Our readers discuss Jan Hall’s ‘Dementia Essentials’, which is based on Jan’s personal experiences as a carer. The book is a guide for people supporting a relative or friend who has dementia.
Jan Hall’s Dementia Essentials, first published in 2013, has been revised and updated to include new research and advice. As Jan writes in its introduction, the book aims to ‘act as a guide and support’ for those caring for a family member or friend with dementia.
‘It covers much of a person’s dementia journey,’ says Tomas René in our Publishing team, ‘beginning with the initial recognition of symptoms (“First Suspicions”) through to a final chapter on care in the later stages of dementia, including care in a hospital or care home. In between, it looks at a range of useful practical, financial and emotional considerations.’

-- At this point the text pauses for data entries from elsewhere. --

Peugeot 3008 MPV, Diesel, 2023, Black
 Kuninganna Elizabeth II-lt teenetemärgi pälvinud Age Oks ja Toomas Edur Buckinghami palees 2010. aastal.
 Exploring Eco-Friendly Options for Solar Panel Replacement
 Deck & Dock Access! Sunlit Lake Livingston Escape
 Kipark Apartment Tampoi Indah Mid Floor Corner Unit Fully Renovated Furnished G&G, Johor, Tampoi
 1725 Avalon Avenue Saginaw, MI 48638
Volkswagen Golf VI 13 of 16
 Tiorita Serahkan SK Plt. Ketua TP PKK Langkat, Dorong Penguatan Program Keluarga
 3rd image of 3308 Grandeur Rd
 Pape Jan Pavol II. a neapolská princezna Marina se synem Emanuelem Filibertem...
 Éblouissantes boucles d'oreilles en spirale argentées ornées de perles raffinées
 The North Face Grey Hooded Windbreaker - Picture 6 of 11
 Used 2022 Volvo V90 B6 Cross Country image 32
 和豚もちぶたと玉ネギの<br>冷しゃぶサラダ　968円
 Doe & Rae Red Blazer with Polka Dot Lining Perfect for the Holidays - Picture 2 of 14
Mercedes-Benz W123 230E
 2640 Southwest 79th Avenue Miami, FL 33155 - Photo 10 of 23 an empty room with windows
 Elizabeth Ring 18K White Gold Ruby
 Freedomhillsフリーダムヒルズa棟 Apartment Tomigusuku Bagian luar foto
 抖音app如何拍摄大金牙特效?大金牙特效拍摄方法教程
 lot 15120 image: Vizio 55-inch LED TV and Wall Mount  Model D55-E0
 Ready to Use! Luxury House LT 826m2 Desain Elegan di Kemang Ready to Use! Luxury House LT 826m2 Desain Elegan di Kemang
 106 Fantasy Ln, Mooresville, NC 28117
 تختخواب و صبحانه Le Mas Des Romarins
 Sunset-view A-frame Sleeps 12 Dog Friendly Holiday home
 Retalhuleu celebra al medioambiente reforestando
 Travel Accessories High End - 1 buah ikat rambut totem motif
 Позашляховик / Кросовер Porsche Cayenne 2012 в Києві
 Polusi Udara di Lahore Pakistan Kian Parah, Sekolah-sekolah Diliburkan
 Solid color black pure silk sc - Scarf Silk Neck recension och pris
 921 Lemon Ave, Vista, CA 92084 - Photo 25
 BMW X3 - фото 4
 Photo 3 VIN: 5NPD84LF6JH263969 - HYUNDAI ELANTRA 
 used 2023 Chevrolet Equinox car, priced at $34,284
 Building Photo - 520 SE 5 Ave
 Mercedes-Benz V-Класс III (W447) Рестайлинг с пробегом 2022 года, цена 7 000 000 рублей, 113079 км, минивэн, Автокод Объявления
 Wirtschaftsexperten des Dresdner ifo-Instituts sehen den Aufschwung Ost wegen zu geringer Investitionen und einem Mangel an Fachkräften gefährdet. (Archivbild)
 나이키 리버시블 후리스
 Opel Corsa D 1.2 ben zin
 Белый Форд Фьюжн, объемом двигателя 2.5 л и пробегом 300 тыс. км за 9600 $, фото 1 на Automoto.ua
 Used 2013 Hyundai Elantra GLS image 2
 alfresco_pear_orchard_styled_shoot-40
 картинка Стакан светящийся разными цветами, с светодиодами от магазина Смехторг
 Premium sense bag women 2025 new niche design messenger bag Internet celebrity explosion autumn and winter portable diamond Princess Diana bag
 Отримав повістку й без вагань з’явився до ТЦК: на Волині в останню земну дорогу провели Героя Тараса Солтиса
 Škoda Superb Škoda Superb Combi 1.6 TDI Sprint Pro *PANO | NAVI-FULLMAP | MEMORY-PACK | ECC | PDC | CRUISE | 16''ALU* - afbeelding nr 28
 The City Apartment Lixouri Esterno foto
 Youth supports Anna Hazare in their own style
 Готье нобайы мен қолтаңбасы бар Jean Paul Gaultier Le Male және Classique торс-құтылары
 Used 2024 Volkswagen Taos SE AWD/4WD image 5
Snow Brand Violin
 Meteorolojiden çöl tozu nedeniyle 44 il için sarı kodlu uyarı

Ann Marie Bird, a reader in West Midland, says, ‘This book is informative and I wish I’d had it before my father was diagnosed with dementia.
‘It has lots of useful advice and contact information, and it’s good to hear from others who are on the same journey so you know you’re not alone.’
Warm and personal
Anne Cowan in Rutland appreciated the book’s content and style.
‘It’s good and easy reading,’ she says, ‘and covers most topics that I wanted information about.’
Tomas adds, ‘What distinguishes this guide is its warm, informal tone and its focus on personal testimony. Jan herself helped care for her mother who had dementia and writes movingly about this.
‘But she also weaves other first-hand accounts into the text throughout – nearly every page includes a quote from someone who has been caring for a person with dementia.
‘Including these personal accounts is also a recognition that everyone’s experience of dementia will be different.
‘Often, there is no right or wrong approach to a given situation, and in various contexts the book includes caveats such as “There is no ‘one-size-fits-all’ answer”. By presenting lots of different people’s voices, it offers several ideas and viewpoints.
‘The book is further enriched by small philosophical moments, including a reflection on the importance of humour, and a passage from Jane Austen about the unpredictability of memory.’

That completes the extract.